Information provided:
=-=-=
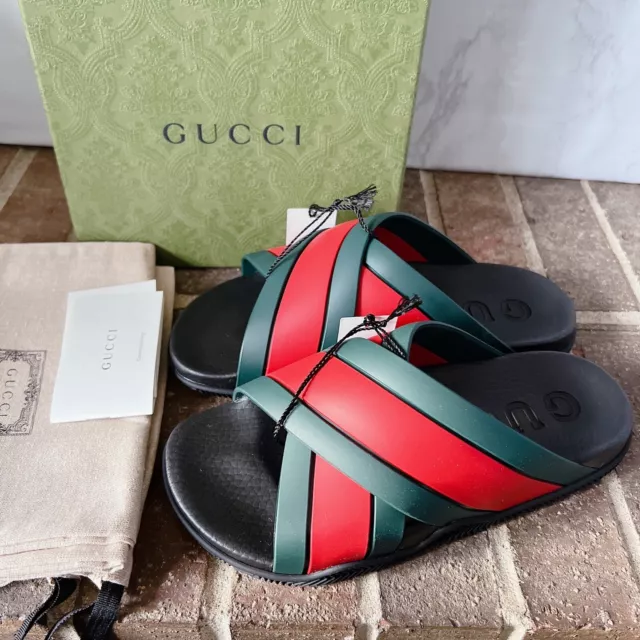 Gucci Agrado Rubber Web Stripe Slides Sandals Black EU 37 US 7 *Authentic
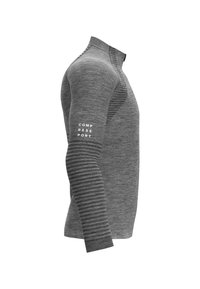 Chemise de compression grise à manches longues avec un motif rayé sur les manches et le texte blanc « COMPRESSPORT » sur le haut du bras, vue de profil.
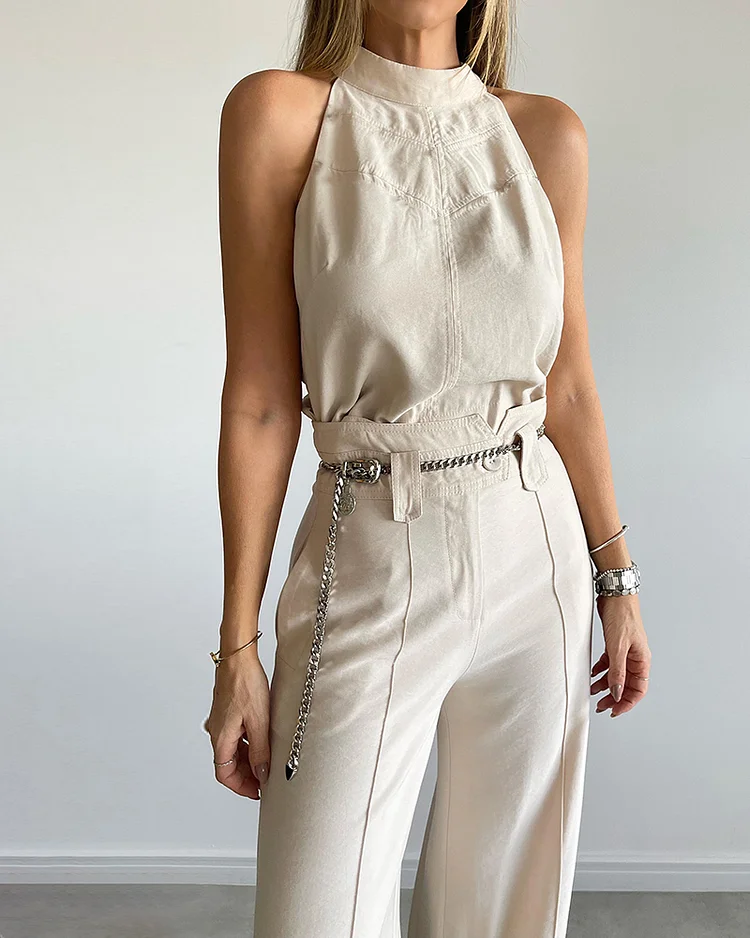 Round Neck Sleeveless Top and Trousers Two-piece Suit Without Waist Chain and Decoration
=-=-=
Work to complete: Start at the first line and set down all of the data exactly, passing over the pictures.

Response to the exercise:
 Gucci Agrado Rubber Web Stripe Slides Sandals Black EU 37 US 7 *Authentic
 Chemise de compression grise à manches longues avec un motif rayé sur les manches et le texte blanc « COMPRESSPORT » sur le haut du bras, vue de profil.
 Round Neck Sleeveless Top and Trousers Two-piece Suit Without Waist Chain and Decoration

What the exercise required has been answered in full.